Ça n’avait pas été une compétition, un jeu d’adolescents ni même une rivalité. Non, il y avait eu Sophie et je crois bien qu’à force de traîner ensemble, une complicité s’était installée doucement, un peu comme la poussière se dépose sur les meubles : pendant quelques jours, ça n’y paraît pas, la commode semble bien propre et puis un autre jour, en allant chercher une paire de chaussettes, en ouvrant un tiroir, on remarque que de près, la poussière s’est accumulée en une couche assez fine. Elle est là, blanche et ténue comme un nuage de coton délicatement posée sur la surface cirée de la commode de grand-mère, narguant nos yeux et complexant la personne propre que nous sommes. On ne l’avait même pas remarquée. Elle semblerait presque sortie d’un chapeau.

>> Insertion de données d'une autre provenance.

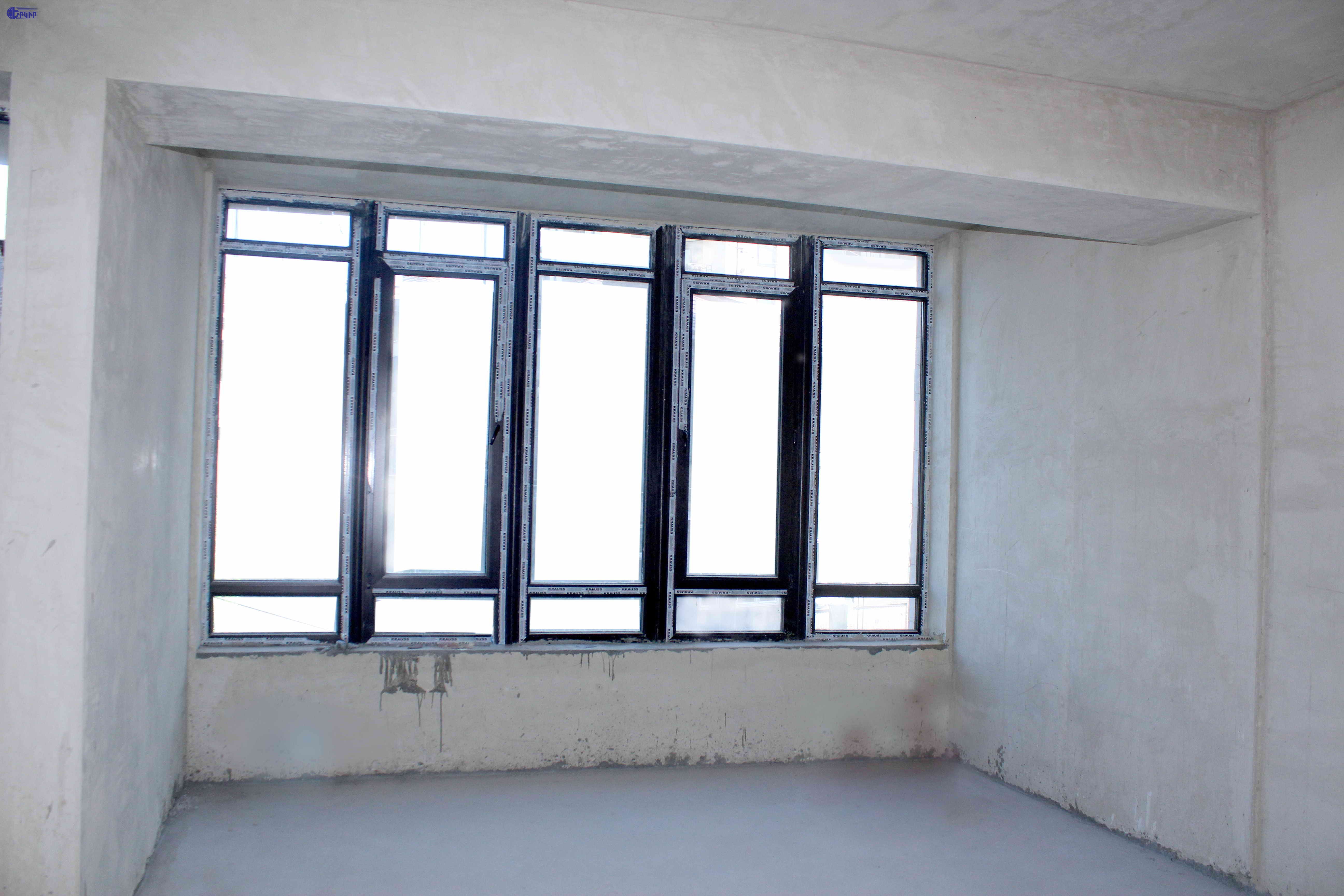 Բնակարաններ Կոդ` 10+31490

Avec Sophie, ç’avait été la même chose. D’insignifiantes rigolades, de banales promenades, de longs et assommants travaux pratiques et la routine du self de la fac de sciences. Pas vraiment de l’amitié plutôt une entente à l’amiable qui nous évité de nous retrouver seuls. C’était mieux ainsi.
Mais à force de s’effleurer, de croiser ses regards de moins en moins timides, de tapoter une épaule, une douce cristallisation, lente comme une fleur qui s’ouvre et qui offre son pistil à la vue de tout le monde, s’était produite. Rien d’important au début, comme un frisson.
Un frisson, très vite remplacé par un sentiment idiot de ne plus pouvoir la quitter, de voir toute la terre dépeuplée si elle venait à disparaître. Cela s’était immiscé, introduit comme un voleur, dans ma conscience et cela avait envahi mieux qu’un parasite toute ma vie. À chaque seconde, à chaque battement de cœur ou de cil, Sophie remplissait ma vie mieux que l’oxygène qui coulait dans mes veines. Elle était tout à la fois. Ma raison de vivre, mon espoir, la plus belle chose qui était en train de m’arriver.
Mais il y eut l’autre. Mon double. Mon ennemi.
Il me conseillait mal. Je n’y voyais rien, obnubilé par Sophie, aveuglé par l’amour.
Il me disait de faire ainsi et je lui obéissais, aveugle que j’étais. À deux, nous aurions pu conquérir le monde, séduire Sophie. Bouger les montagnes, aplanir nos doutes, écraser nos peurs.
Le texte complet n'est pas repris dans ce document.